It was not long before the Church seized the opportunity to make further use of John’s academic skills. In 1983 he was appointed Professor of Hebrew and Old Testament at the Free Church College, a position which he held for the next 30 years. This meant that an entire generation of Free Church ministers, and many others, were taught the language and theology of the Old Testament by him. The many complexities of learning Hebrew inevitably resulted in casualties among the student body. Yet, however disastrous exam results were, John L. was never demeaning towards those whose academic skills were lacking.

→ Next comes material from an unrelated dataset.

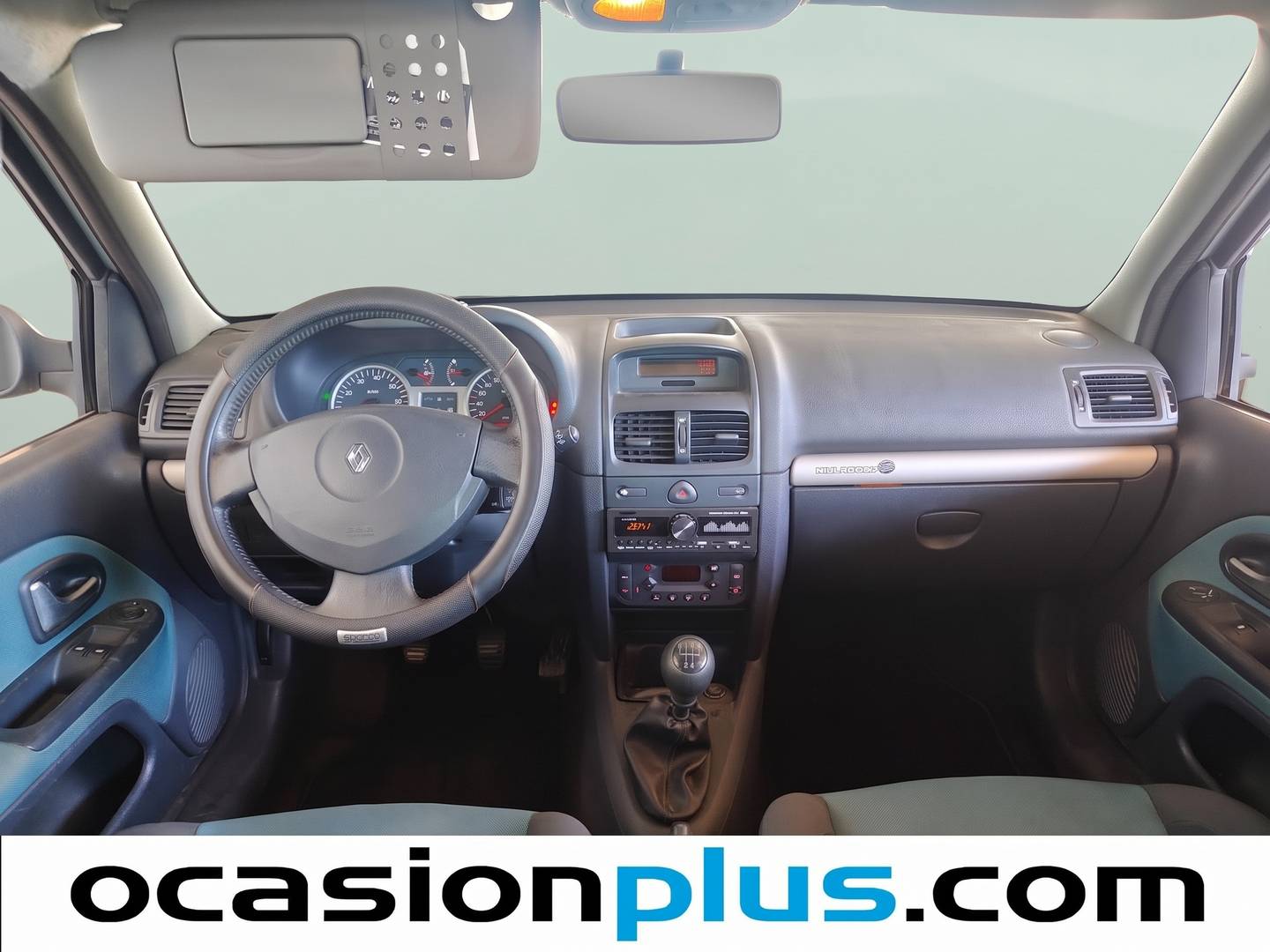 Renault Clio Renault Clio Expression 1.2 16v (75 CV) de ocasión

Hebrew difficulties were contrasted by the sheer delight of sitting in Prof. Mackay’s Old Testament theology classes where Scripture passages which, for many, had been hitherto obscure, were opened up; and the entire Older Testament brought together under the Covenant framework, and located within God’s overall plan of salvation in Jesus. Classes usually ended with Q&A in which, time and again, he demonstrated a unique ability to think through an issue, and then clearly explain it, off the top of his head, with the minimum use of words.

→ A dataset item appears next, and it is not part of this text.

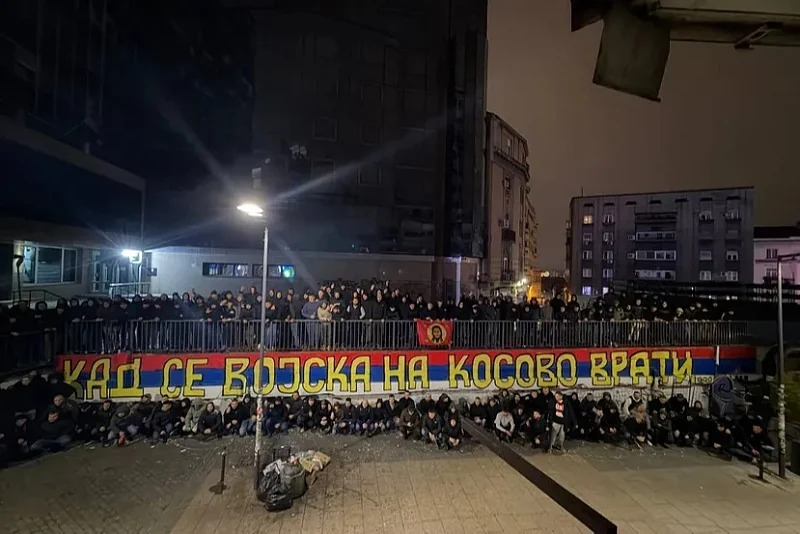 (Foto: Telegram/Delije )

But, whatever the academic quality of his classes, John’s lectures always took account of the complexities of the pastorate, knowing, as he did, that most of his students would soon have to face them. Each lecture, no matter how intellectually stimulating, was tethered in the real world of real ministry, often interspersed with anecdotes, many of them personal, revealing something of the warmth and mischievous humour which characterised him.

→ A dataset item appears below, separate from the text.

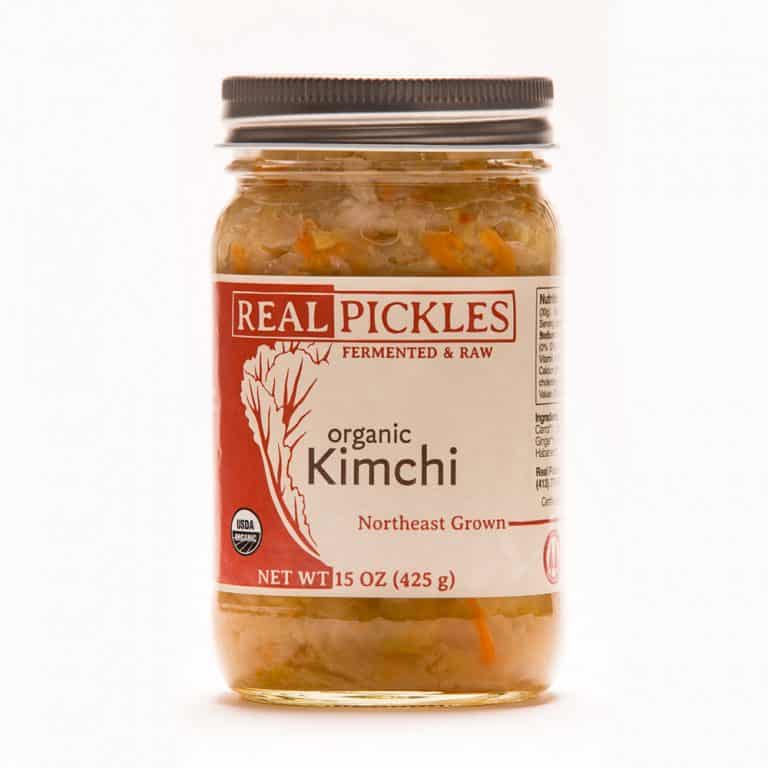 Refrigerated Pickles and Fermented Foods – Regional Access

In 1993 Prof. Mackay’s knowledge of Church practice and administrative skills were recognised by the General Assembly in his appointment as Principal Clerk, a role which he undertook for the next seven rather difficult years. During that period the urgent need of the hour was authoritative, impartial, professional guidance. That guidance was found in John L.’s impeccable logic, clarity of thought, and thorough knowledge of Church practice, helped of course by a commanding presence, precise diction and insistence upon decorum. (It was only after he retired as Assembly clerk that commissioners felt safe to take their jackets off!)
But his interests extended even beyond the classroom and the Assembly floor. John loved sung praise, and was extensively involved in the translation and production of Sing Psalms, an excellent rendition of the Psalms which has been received throughout the Church worldwide, and has recently been included in the new edition of the Trinity Hymnal.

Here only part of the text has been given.